I do not understand what #2 is trying to say, especially since I think this solution might be the only way to do it. Divide the batteries into $n-1$ groups with sizes 3, 3, 2, 2, ..., 2. By pigeonhole, one of the groups has two charged batteries. With the exception of the last group, try every pair of batteries in the same group, for a total of \[ 2 \cdot \binom{3}{2} + (n-4) \cdot \binom{2}{2} = n + 2 \]tries. If none of these tries work, the last group we didn't test is the desired pair.

Follow up question: Is $n+2$ the least nunber of tries to guarantee a charged pair?

Very nice solution MellowMelon.The best I could do was to prove that we can find pair of charged batteries in at most $n+3$ tries .
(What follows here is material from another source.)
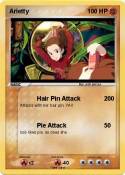 Arietty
It is not too difficult to show that $n+2$ is the best possible bound. Since the problem allows for "I didn't try this pair but I know it works", this is equivalent to: Let $G$ be a graph with $2n$ vertices and at most $n+2$ edges. Show we can choose an independent set of $n$ vertices. This probably follows from a well-known bound that I don't have a reference for, but it's easy enough to obtain with a greedy algorithm: just keep throwing out the vertices with maximum degree. Another interesting question is that "only possible solution" guess I made. That is, if $G$ is a graph with $2n$ vertices, $n+3$ edges, and no independent set of size $n$, is it isomorphic to the graph of two triangles and $n-3$ disjoint edges? I think the answer is yes, but I haven't worked through all the details.